→ **Task brief**: Copy the opening lines of the listing exactly, through and including the line with "Face id on mobile"; do not copy any pictures.

→ **Data to process**:

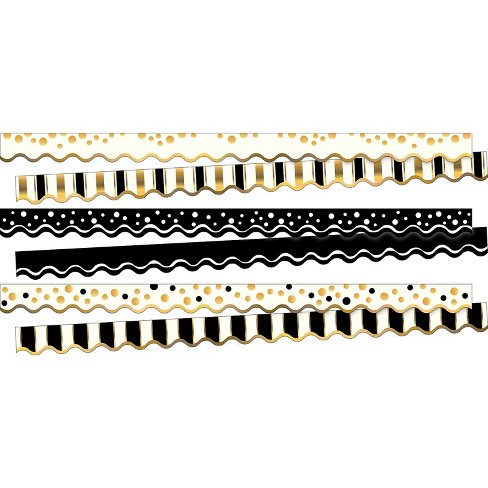 Barker Creek Black & Gold Double-sided Scalloped 36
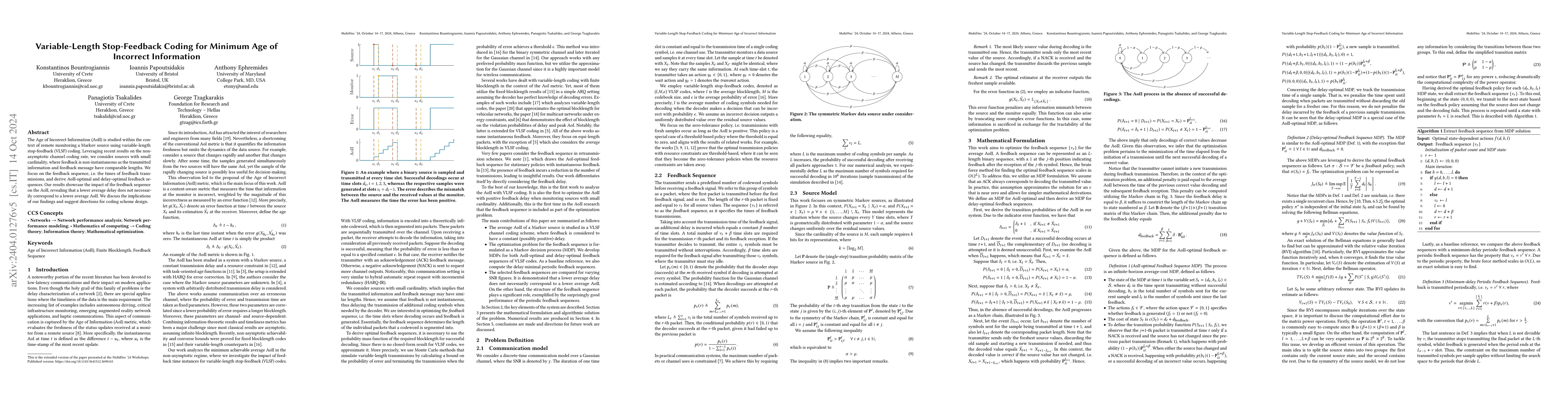 Thumbnail for Variable-Length Stop-Feedback Coding for Minimum Age of Incorrect
  Information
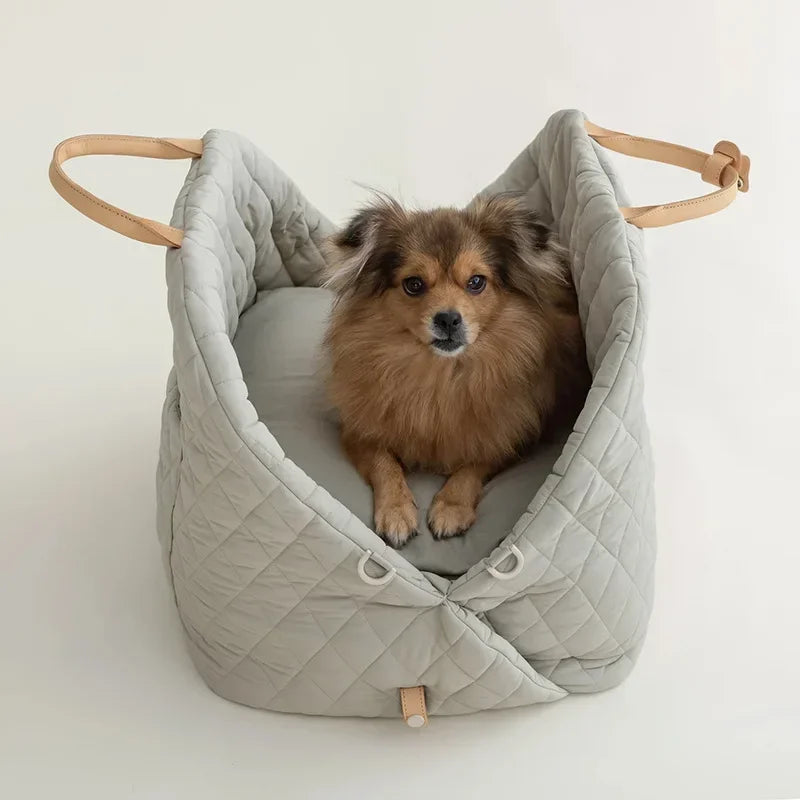 Luxury Pet Carrying Tote Bag, 2-in-1 Dog Car Booster Seat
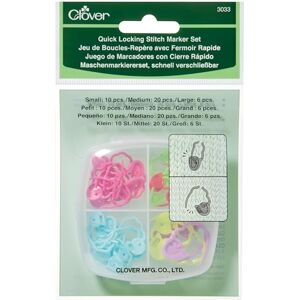 Clover Quick Locking Stitch Marker Set, Multi-Colour, 7.5 x 7.5 x 2.5 cm, 36 count (Pack of 1) Clover Quick Locking Stitch Marker Set, Multi-Colour, 7.5 x 7.5 x 2.5 cm, 36 count (Pack of 1)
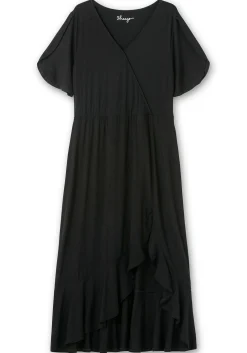 Langes Jerseykleid in Wickeloptik, mit Volantrock<sheego Sale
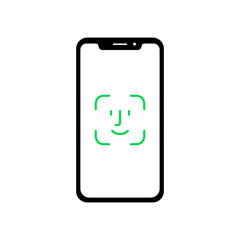 Face id on mobile device. Vector illustration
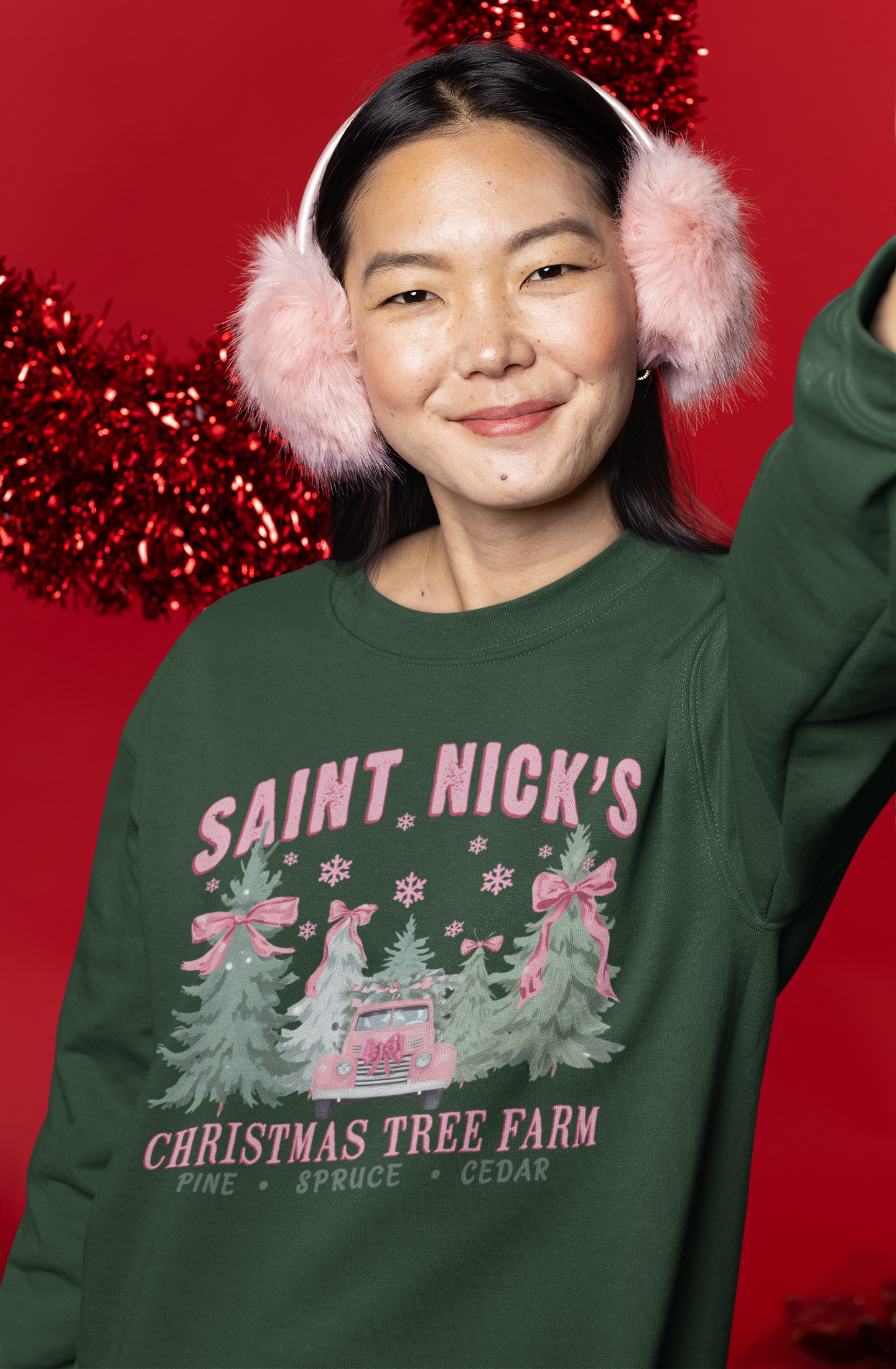 Saint Nick’s Christmas Tree Farm Sweatshirt – Vintage Pink Truck Holiday Pullover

→ **Response**:
 Barker Creek Black & Gold Double-sided Scalloped 36
 Thumbnail for Variable-Length Stop-Feedback Coding for Minimum Age of Incorrect
  Information
 Luxury Pet Carrying Tote Bag, 2-in-1 Dog Car Booster Seat
 Clover Quick Locking Stitch Marker Set, Multi-Colour, 7.5 x 7.5 x 2.5 cm, 36 count (Pack of 1) Clover Quick Locking Stitch Marker Set, Multi-Colour, 7.5 x 7.5 x 2.5 cm, 36 count (Pack of 1)
 Langes Jerseykleid in Wickeloptik, mit Volantrock<sheego Sale
 Face id on mobile device. Vector illustration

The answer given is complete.